I’m new in this forum and I would like to thank you all for so much info posted here.
I don’t now if this was posted before and if so could you please redirect me to that post?

I’m making a small project using a microcontroller to measure up to 1A / 230V. I need the circuit to be insolated from mains so using a shunt resistor solution is a no go.
As the microcontroller have a max input of 3.3V I’m thinking in using a CT to interface. The ouput of this signal would then be added to 1.5 DC so I would have close to 0V in negative peak and 3V to the positive one.
Now there’s were my problem begins: The right CT for the job. I’ve thought in chosing the CST-1005 from Triad Magnetics but it’s rated to 5A. Would a primary multi-turn/multi-winding be the solution to measure up to 1A with this transformer with enough sensitivity? In that case what would be the appropriate burden resistor to do the job?
I’ve bought and tried to use an Murata 56050C and no joy so would the CST-1005 be a solution for my problem?
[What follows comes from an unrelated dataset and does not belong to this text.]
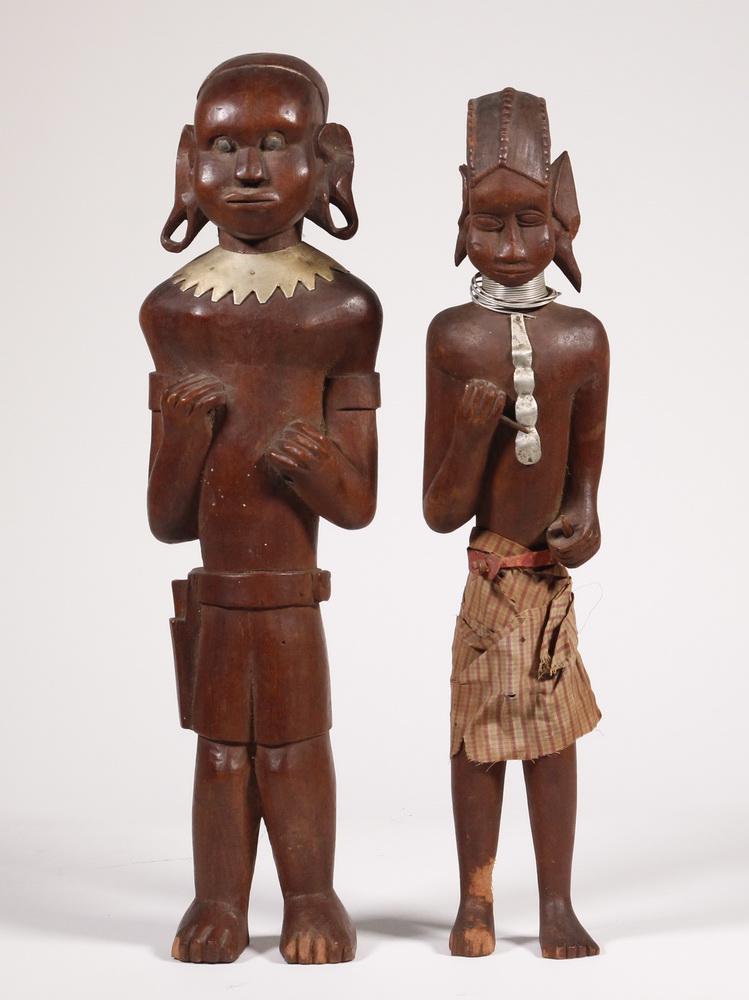 (2) AFRICAN WOODEN FIGURES: 20th c. Maasai (Masai) carved hardwood figures of a Warrior and Wife, with typical elongated ear lobes, the man missing his shield and spear, having a carved belt with knife in sheath; the woman in co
Hello Samf, and welcome to the OEM forum.

You are thinking along exactly the right lines. Adding 1.5 V d.c (or 1.65 V) is the correct way to do it, and the CST-1005 looks to be a good choice. And yes, you can have a multi-turn primary winding to improve the sensitivity. But you cannot have the full 5 turns. The reason is hidden deep in the data: “Power Rating: 2.5 mW”.
To use the full range of your input circuit, you need about 1 V rms. (That will give you 1.414 V peak plus a little spare before you hit 1.5 V, which is your maximum (negative) peak.)
At 5 × 1 A, the c.t. secondary current will be 5 mA, and that implies 5 mW of power. Your c.t. cannot do that, it can only do 2.5 mW.

So I suggest an engineering compromise: Have 3 turns for your primary winding, so the secondary current will be 3 mA, and a burden resistor of 270 Ω. That will give you 810 mV rms (roughly 80% of your maximum, so you are not losing very much) and the c.t. will be working very close to its maximum power.

One word of caution: if your 1 A current is not a good sinusoid, but the “crest factor” is greater than √2, then you should use a lower value of burden resistor so that the c.t. does not saturate on the peaks.

The reason that the Murata device did not work for you is it is designed for high frequencies only: 20 kHz - 200 kHz.

You should be able to use emonLib to perform the calculations - possibly with some changes depending on which microcontroller you use. EmonLib will filter out the d.c. component and give you the true rms current.